═════ Materials provided ═════

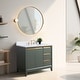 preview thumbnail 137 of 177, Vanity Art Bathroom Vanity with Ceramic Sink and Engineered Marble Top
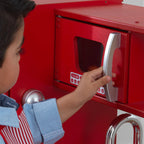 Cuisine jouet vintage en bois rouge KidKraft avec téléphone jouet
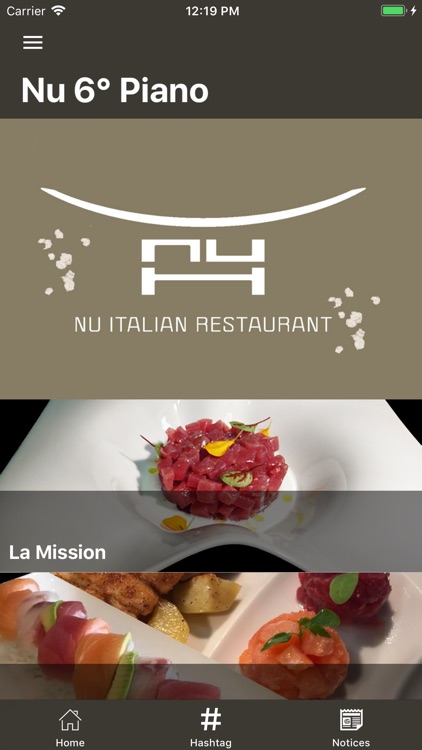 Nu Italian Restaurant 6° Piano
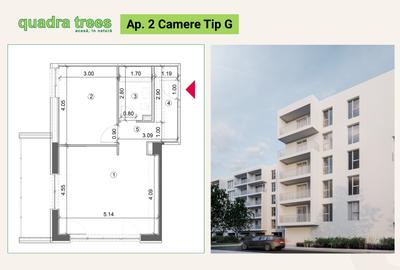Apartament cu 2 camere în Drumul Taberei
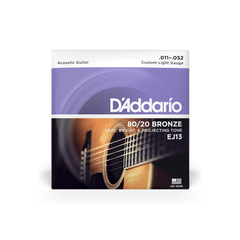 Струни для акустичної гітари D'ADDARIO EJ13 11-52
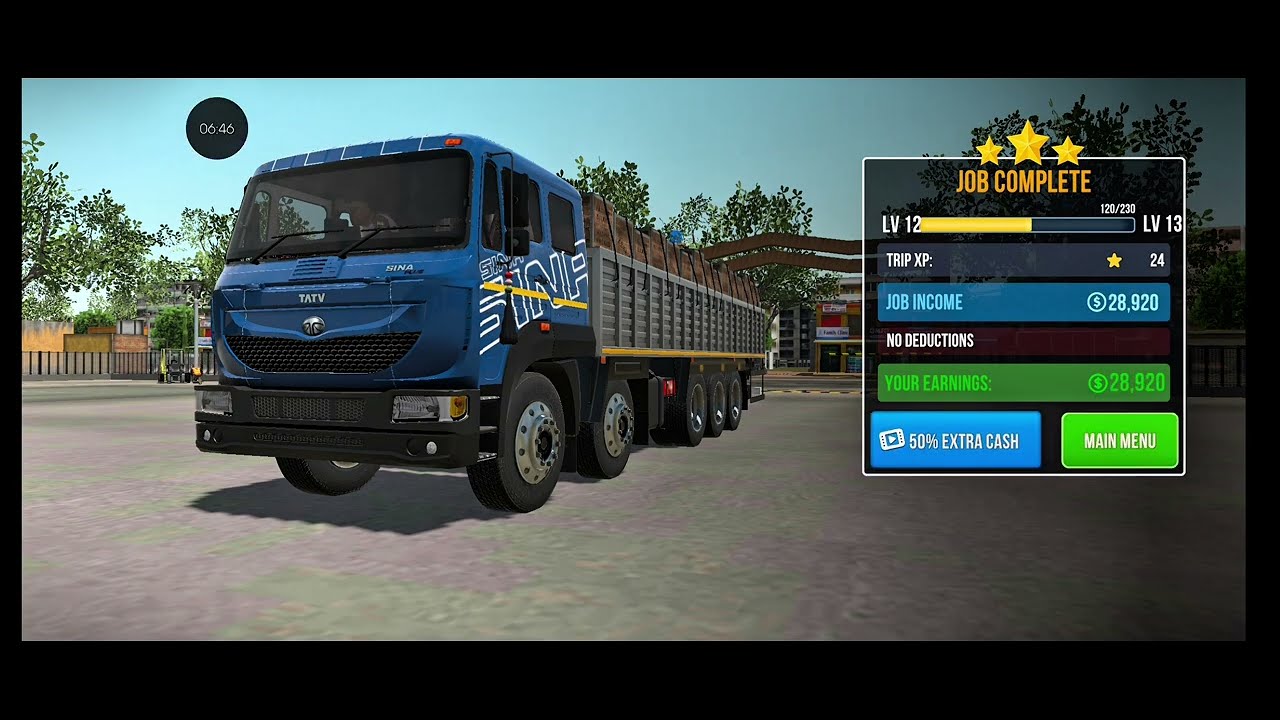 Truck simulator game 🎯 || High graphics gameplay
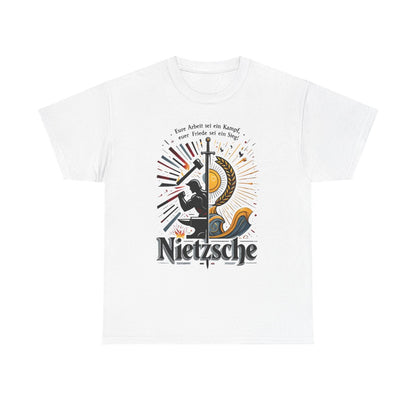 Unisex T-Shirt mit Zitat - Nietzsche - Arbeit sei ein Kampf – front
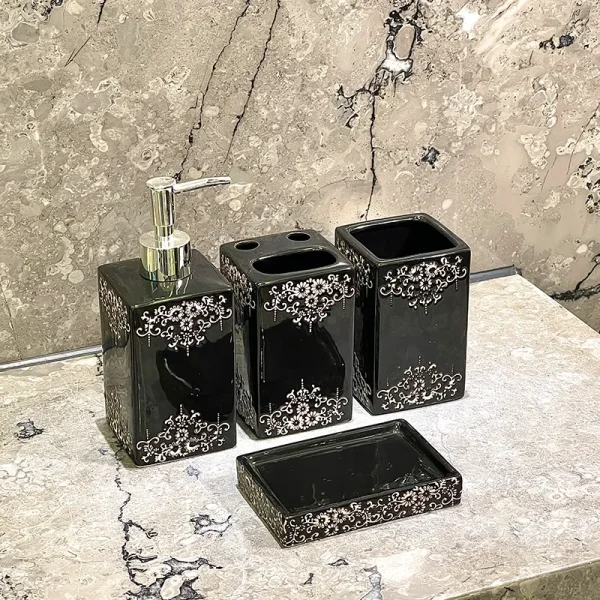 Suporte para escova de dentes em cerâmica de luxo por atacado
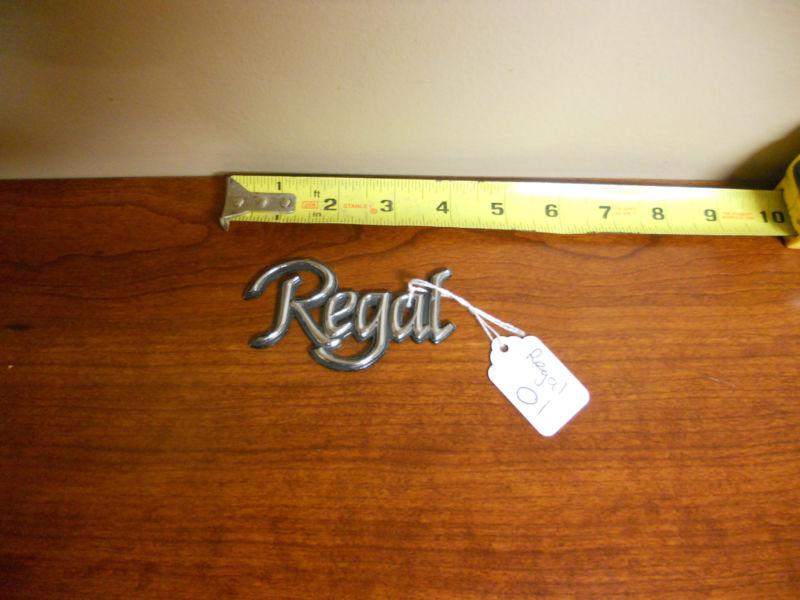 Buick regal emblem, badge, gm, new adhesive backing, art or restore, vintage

═════

How to complete this task ▸ Leaving out the pictures, return exactly the lines from the one that contains "Suporte para escova" through the last line of the records above, inclusive.

Task answer ▸
 Suporte para escova de dentes em cerâmica de luxo por atacado
 Buick regal emblem, badge, gm, new adhesive backing, art or restore, vintage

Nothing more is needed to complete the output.